College of Business > News & Events > Professor Gives Tips on Negotiating Job Offers
Andrew Zamorski | Photo by Kathy Hillegonds / 5/10/2018 / Posted in: Students; Faculty / Twitter / Facebook /
As they head into the business world this spring, one of the most important negotiations college graduates need to master is the job offer. We asked Driehaus College of Business Associate Professor of Management Charles E. Naquin, an organizational behaviorist, for tips that will help business grads ace job negotiations.
What is the biggest error that people make in job negotiations?
I would say the biggest error I see in job negotiations from a candidate’s perspective is negotiating before you even have an offer in hand. There are a number of reasons why you do not want to start negotiating before you get a written offer.
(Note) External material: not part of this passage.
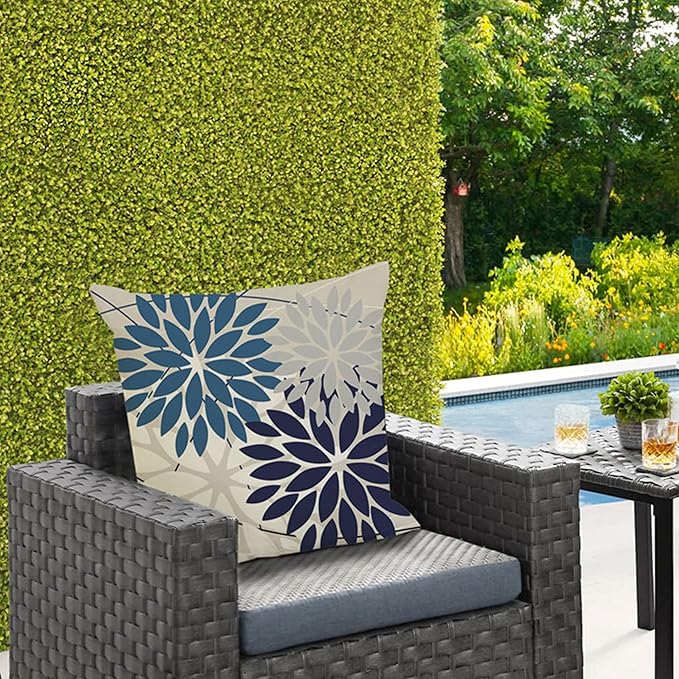 DFXSZ Outdoor Throw Pillow Covers 16x16 Inch Set of 2 Spring Summer Geometric Elegant Decorative Throw Pillows Blue Outdoor Waterproof Pillow Covers for Patio Funiture Garden Couch 158A16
Among them is that a verbal offer is easy to withdraw, while a written offer is not. In addition, once you get a written offer, the nature of the interaction changes — they (your potential employer) switch from “who should I make an offer to” to “how do we get you to sign.”
How should I respond when they ask how much I expect to make?
Generally speaking, don’t answer this question. Instead, you should respectfully deflect. A key word here is respectfully. A job negotiation should never be antagonistic. But you do want to deflect because answering this question typically never helps you and can actually hurt you. So, don’t play that game — instead, respectfully deflect. Here are some examples:
“I’m getting my MBA so my prior salary doesn’t matter.”
“I’m switching industries so my prior salary should not be considered.”
“What I’m making does not matter so much, what I would like is to be paid competitively to my peers.”
You get the picture — respectfully deflect and have a few responses in your back pocket. This is a question you will likely have to address on multiple occasions during the same interaction.
Will I offend my future boss/employer because I am negotiating the job offer?
That’s a myth. Keep it respectful, not antagonistic, and you should be fine. In fact, it is more likely that your future employer will respect you even more if you negotiate because you are obviously business savvy.
What do employers dislike about job negotiations?
Most employers making job offers expect you to negotiate and many will actually offer a starting salary lower than what they expect to actually pay you because they anticipate you’ll negotiate it to a higher level. So, employers typically expect negotiations and they don’t dislike them. What they DO tend to dislike are protracted job negotiations (so keep it short) or someone who pits one job offer against another (so don’t do that).